Beginning at the line that includes "Twarde Pierniki w I meczu play-off" in the entries below, print each line exactly as it appears, through the last one.

===== PROVIDED RECORDS =====

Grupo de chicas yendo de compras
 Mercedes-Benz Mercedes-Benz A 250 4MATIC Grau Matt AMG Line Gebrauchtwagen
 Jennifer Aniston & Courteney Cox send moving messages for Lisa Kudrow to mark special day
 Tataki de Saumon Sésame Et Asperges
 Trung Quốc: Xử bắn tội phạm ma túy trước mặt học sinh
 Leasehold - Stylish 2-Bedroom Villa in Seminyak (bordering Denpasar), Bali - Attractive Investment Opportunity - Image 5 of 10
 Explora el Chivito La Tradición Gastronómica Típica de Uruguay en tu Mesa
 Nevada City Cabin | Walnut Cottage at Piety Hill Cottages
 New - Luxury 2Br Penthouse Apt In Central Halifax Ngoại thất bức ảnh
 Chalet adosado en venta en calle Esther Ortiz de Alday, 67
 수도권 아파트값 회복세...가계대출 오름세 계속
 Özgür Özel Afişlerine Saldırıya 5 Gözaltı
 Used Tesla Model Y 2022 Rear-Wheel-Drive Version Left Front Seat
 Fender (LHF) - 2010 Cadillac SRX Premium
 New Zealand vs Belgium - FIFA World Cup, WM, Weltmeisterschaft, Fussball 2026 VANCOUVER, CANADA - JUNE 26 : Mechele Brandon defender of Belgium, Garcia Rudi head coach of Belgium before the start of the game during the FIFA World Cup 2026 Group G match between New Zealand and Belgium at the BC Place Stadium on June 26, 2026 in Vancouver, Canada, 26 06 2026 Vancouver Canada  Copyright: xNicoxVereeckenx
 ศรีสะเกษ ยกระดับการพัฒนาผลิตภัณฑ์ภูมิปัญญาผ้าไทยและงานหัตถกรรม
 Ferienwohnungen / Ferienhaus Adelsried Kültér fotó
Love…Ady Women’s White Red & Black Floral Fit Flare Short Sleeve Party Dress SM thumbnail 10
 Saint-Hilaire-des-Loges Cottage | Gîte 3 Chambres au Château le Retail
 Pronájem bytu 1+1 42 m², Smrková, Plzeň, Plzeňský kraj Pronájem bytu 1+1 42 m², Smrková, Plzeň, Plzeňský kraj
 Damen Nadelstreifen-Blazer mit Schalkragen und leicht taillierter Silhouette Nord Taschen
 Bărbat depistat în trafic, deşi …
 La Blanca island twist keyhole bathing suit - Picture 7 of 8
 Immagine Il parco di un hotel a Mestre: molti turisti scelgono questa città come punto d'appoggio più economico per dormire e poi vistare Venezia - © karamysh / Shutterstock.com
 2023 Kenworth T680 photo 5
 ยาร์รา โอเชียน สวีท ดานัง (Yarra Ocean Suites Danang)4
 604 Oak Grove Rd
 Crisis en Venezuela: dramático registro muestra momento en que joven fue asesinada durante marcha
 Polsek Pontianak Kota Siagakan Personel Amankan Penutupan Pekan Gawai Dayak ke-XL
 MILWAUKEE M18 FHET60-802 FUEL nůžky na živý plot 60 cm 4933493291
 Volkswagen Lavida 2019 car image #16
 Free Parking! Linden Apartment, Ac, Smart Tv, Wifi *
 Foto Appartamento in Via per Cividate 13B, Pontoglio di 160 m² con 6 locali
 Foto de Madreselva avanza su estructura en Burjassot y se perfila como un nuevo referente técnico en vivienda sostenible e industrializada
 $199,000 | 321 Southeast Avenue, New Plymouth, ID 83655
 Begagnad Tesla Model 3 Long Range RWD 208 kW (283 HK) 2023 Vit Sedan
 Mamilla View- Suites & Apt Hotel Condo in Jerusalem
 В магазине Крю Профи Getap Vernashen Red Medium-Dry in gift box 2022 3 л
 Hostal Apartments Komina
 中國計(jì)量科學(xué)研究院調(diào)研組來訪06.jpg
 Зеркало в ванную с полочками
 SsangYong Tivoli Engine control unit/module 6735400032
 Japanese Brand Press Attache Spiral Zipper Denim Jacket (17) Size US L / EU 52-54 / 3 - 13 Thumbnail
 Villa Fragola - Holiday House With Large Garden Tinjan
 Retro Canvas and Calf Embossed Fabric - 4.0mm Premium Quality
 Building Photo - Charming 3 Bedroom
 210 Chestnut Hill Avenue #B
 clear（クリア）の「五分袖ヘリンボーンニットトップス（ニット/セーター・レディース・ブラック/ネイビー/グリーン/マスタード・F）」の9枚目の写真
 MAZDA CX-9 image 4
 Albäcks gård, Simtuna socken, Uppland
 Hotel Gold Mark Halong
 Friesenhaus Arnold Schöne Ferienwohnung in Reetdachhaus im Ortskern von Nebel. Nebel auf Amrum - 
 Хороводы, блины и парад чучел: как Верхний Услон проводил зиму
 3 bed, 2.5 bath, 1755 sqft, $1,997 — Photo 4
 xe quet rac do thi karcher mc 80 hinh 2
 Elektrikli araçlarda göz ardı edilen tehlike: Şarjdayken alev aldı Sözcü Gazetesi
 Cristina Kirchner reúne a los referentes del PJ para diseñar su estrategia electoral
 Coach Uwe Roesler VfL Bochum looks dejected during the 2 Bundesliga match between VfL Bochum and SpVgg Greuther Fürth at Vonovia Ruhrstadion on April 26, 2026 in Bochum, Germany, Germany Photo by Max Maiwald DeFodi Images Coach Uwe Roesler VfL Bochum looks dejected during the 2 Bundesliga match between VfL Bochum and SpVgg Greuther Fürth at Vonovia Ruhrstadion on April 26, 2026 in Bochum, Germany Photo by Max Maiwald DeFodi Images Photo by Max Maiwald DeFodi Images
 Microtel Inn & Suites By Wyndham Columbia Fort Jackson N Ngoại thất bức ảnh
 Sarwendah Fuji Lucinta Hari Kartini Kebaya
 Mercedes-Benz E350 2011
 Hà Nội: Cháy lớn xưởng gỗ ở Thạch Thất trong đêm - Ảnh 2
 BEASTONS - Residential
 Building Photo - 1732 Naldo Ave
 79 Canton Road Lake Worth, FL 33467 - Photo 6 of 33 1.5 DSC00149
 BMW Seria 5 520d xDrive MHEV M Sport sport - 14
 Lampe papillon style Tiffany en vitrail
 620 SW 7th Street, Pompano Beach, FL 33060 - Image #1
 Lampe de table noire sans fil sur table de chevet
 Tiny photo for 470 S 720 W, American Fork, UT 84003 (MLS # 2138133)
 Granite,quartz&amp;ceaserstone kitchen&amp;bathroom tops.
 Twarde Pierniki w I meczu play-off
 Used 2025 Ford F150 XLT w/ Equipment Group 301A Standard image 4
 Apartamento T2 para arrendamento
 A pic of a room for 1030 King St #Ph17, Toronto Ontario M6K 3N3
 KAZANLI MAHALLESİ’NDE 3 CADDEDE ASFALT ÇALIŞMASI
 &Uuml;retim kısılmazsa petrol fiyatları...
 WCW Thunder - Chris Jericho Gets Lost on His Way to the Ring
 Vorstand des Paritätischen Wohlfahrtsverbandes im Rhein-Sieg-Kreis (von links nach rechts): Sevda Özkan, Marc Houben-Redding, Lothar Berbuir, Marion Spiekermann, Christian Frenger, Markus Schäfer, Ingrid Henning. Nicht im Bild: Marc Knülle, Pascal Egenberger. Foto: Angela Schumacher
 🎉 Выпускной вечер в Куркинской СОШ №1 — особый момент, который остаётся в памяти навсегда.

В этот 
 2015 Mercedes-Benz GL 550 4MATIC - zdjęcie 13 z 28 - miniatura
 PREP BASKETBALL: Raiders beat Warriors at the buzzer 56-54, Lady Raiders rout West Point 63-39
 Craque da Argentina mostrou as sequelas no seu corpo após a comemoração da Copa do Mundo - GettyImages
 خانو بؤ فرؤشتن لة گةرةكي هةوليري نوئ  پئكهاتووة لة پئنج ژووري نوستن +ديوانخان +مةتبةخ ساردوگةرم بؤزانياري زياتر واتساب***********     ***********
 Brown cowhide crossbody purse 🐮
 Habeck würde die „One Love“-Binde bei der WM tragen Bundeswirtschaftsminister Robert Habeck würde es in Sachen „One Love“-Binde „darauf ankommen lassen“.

=====

## TASK SOLUTION
 Twarde Pierniki w I meczu play-off
 Used 2025 Ford F150 XLT w/ Equipment Group 301A Standard image 4
 Apartamento T2 para arrendamento
 A pic of a room for 1030 King St #Ph17, Toronto Ontario M6K 3N3
 KAZANLI MAHALLESİ’NDE 3 CADDEDE ASFALT ÇALIŞMASI
 &Uuml;retim kısılmazsa petrol fiyatları...
 WCW Thunder - Chris Jericho Gets Lost on His Way to the Ring
 Vorstand des Paritätischen Wohlfahrtsverbandes im Rhein-Sieg-Kreis (von links nach rechts): Sevda Özkan, Marc Houben-Redding, Lothar Berbuir, Marion Spiekermann, Christian Frenger, Markus Schäfer, Ingrid Henning. Nicht im Bild: Marc Knülle, Pascal Egenberger. Foto: Angela Schumacher
 🎉 Выпускной вечер в Куркинской СОШ №1 — особый момент, который остаётся в памяти навсегда.

В этот 
 2015 Mercedes-Benz GL 550 4MATIC - zdjęcie 13 z 28 - miniatura
 PREP BASKETBALL: Raiders beat Warriors at the buzzer 56-54, Lady Raiders rout West Point 63-39
 Craque da Argentina mostrou as sequelas no seu corpo após a comemoração da Copa do Mundo - GettyImages
 خانو بؤ فرؤشتن لة گةرةكي هةوليري نوئ  پئكهاتووة لة پئنج ژووري نوستن +ديوانخان +مةتبةخ ساردوگةرم بؤزانياري زياتر واتساب***********     ***********
 Brown cowhide crossbody purse 🐮
 Habeck würde die „One Love“-Binde bei der WM tragen Bundeswirtschaftsminister Robert Habeck würde es in Sachen „One Love“-Binde „darauf ankommen lassen“.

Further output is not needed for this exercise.